* _SUPPLIED INFORMATION_
#####

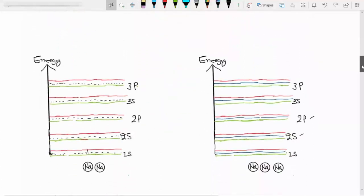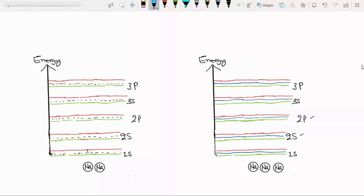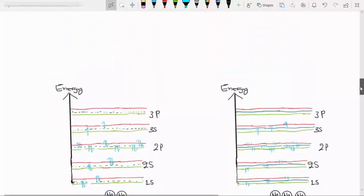Similarly, when we take three individual atoms and bring them close together, a single energy state will split into three states. We can see that the gap between the outer two states is larger than the gap between the inner states. As we increase the number of atoms, the energy gap between these states will decrease.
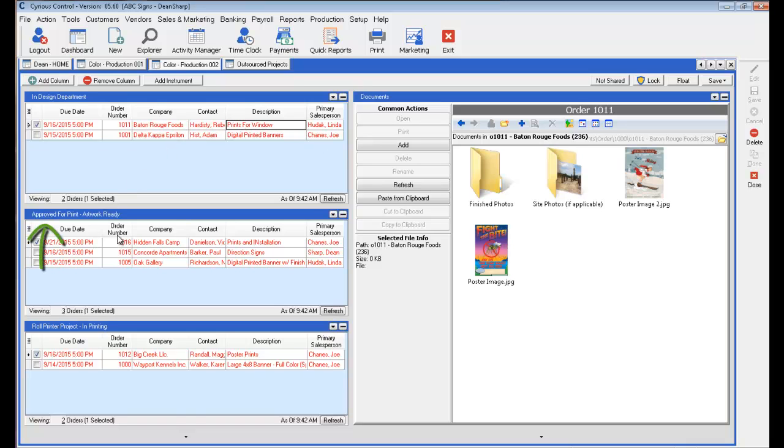And then you'll see these are ready for approval and if we were to select any of these, you would then see the files associated with that transaction. And then of course these are the ones that are being printed. And again, you can select it and get the files there.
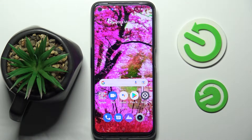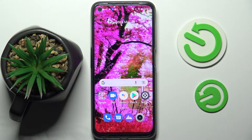Hi! In front of me is the Realme 9 Pro, and today I would like to show you how you can open apps in pop-up view on this device.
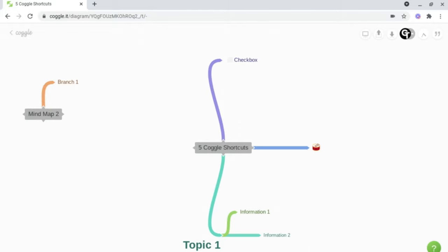Now to completely ensure that your mind maps are efficient and you remain productive, why not watch this video on Coggle organization.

#####

* _TASK TO CARRY OUT_
Write out only the lines from the line containing "Hi! In front" through the end of the material above, both end lines included. Pictures are not written out.

* _EXERCISE OUTPUT_
Hi! In front of me is the Realme 9 Pro, and today I would like to show you how you can open apps in pop-up view on this device.
Now to completely ensure that your mind maps are efficient and you remain productive, why not watch this video on Coggle organization.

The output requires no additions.